I know I am jumping the gun, but only by a couple of weeks.
And, I am not the first this year to do so. Sometime in the last week or so I saw a comment that one or two stores had already put up their holiday decorations…and I am not talking about Halloween.
And, so a quick survey. Please raise your hands in response to these questions.
- How many of you have begun to make plans for your holiday meals – either Thanksgiving or Christmas?
- How many of you hope or plan to have additional guests or family members at either one or both of those meals?
- If you have begun to plan for those occasions, how many of you have begun to think about what food you will serve?
- For those meals, how many of you will prepare something special?
- How many of you will probably prepare and serve more than what you will need?
- For those meals, how many of you have special china or special silverware which you use?
Thank you.
Yes…most, if not all of us, could raise our hands to most, if not all, of these questions.
Now back to the Bible for a moment…
And, to our celebration of World Communion Sunday…
And my feeble efforts to pull multiple strands together in a way that makes sense.
The reading this morning from the Sayings of Jesus describes a great banquet.
I can envision the scene because, like you, several times a year I enjoy a banquet.
I gather with family at Thanksgiving and Christmas.
Extra chairs are pulled up to the table.
Extra tables are added to the room to accommodate the extra food.
There is not only enough.
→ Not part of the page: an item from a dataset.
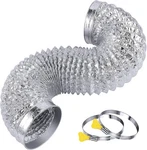 Heavy Duty 4"FLEXIBLE Dryer Vent Exhaust Duct Hose 3 Feet For Tight Space, Extra. Fixed Price $18.99.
There is more than enough.
And, memories are built around those moments.
Memories of who was there.
And, sometimes of who was not.
Times when your family grew and extra chairs were added.
And times when you lost a loved one and a chair stood empty.
Am, I right?
Wonderful, memorable, meaningful moments.
But, about 10 years ago I realized that I had never really understood what Jesus was talking about.
Here is what happened.
For a week, I along with about twenty other people were living and working in the community of El Eden. In English…Eden, located in the municipality of Ticuantepe in Nicaragua which was and is the second most impoverished country in the western hemisphere.
The setting was beautiful.
A tiny community.
20 minutes down a rutted dirt road.
Located up against the hillsides created by an ancient volcano.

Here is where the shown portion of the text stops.